DATA SEGMENT Block Start

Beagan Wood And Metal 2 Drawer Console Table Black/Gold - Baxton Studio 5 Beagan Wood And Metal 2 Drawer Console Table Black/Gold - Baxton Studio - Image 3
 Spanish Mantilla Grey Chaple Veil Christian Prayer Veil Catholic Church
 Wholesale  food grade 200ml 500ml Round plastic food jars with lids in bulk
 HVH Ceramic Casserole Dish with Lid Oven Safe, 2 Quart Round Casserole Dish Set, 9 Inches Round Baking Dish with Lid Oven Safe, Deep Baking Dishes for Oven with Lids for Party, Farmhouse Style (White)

DATA SEGMENT Block End

WORK ITEM:
The lines beginning with the one that holds "lids in bulk" and ending with the last line of the data above are to be reproduced exactly, and nothing else.

RESPONSE:
 Wholesale  food grade 200ml 500ml Round plastic food jars with lids in bulk
 HVH Ceramic Casserole Dish with Lid Oven Safe, 2 Quart Round Casserole Dish Set, 9 Inches Round Baking Dish with Lid Oven Safe, Deep Baking Dishes for Oven with Lids for Party, Farmhouse Style (White)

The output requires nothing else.